> TASK BRIEF: With the images excluded, set down every line of the listing below exactly.

> ENTRIES SUPPLIED:

Segment Open

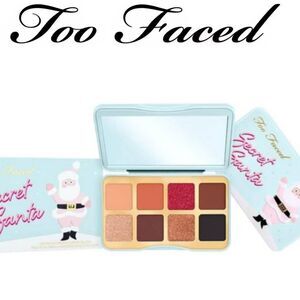 Too Faced Secret Santa Limited Edition Eyeshadow Palette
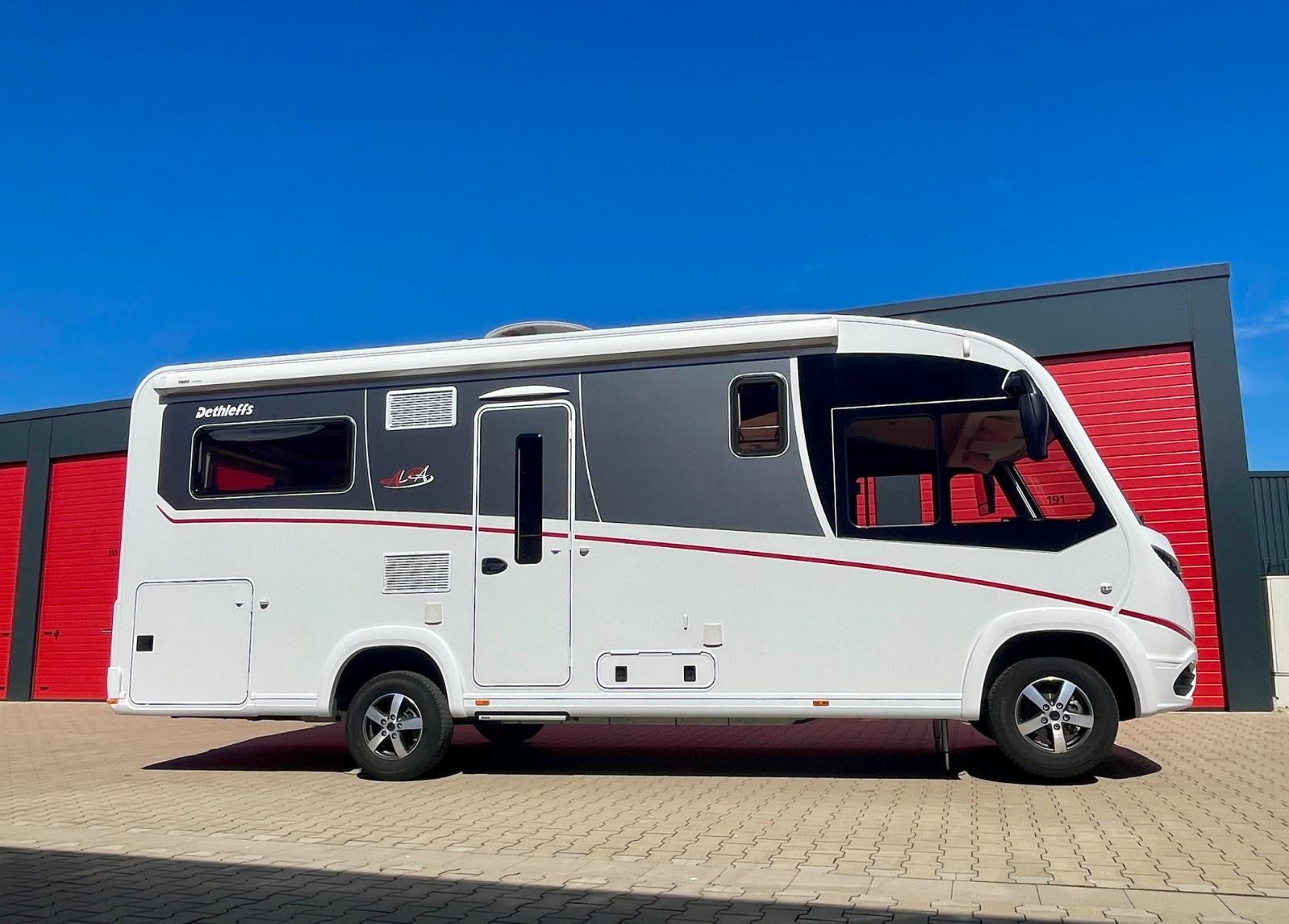 Dethleffs Alpa I 6820-2 *Hubstützen/Luft/AHK/Klima/SAT*
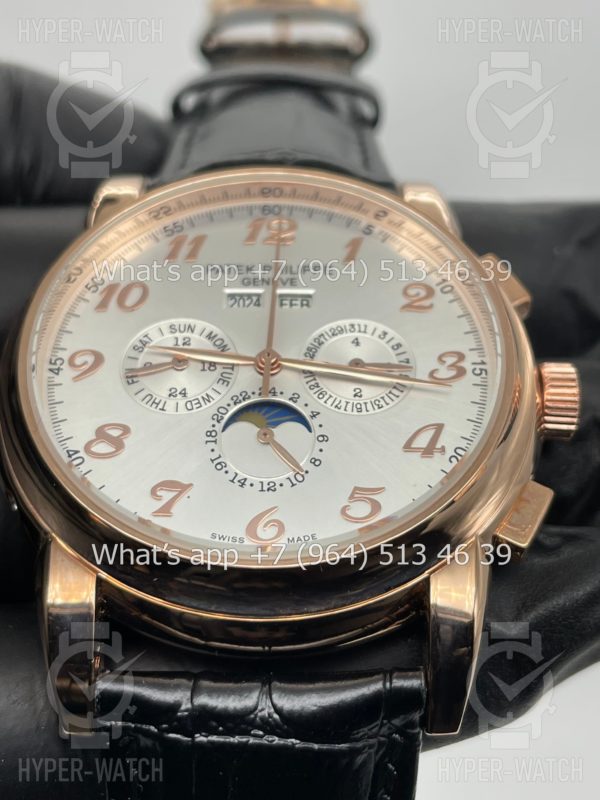 Фото 3 - Patek Philippe Grand Complications 43mm Art 3366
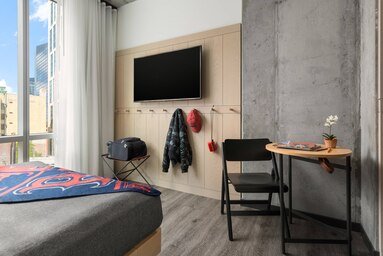 Moxy Boston Downtown by null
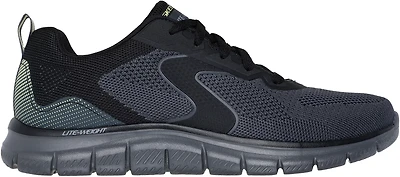 SKECHERS Men's Track Lace Up Non Slip-In Shoes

Segment Closed

> TASK ANSWER:
 Too Faced Secret Santa Limited Edition Eyeshadow Palette
 Dethleffs Alpa I 6820-2 *Hubstützen/Luft/AHK/Klima/SAT*
 Фото 3 - Patek Philippe Grand Complications 43mm Art 3366
 Moxy Boston Downtown by null
 SKECHERS Men's Track Lace Up Non Slip-In Shoes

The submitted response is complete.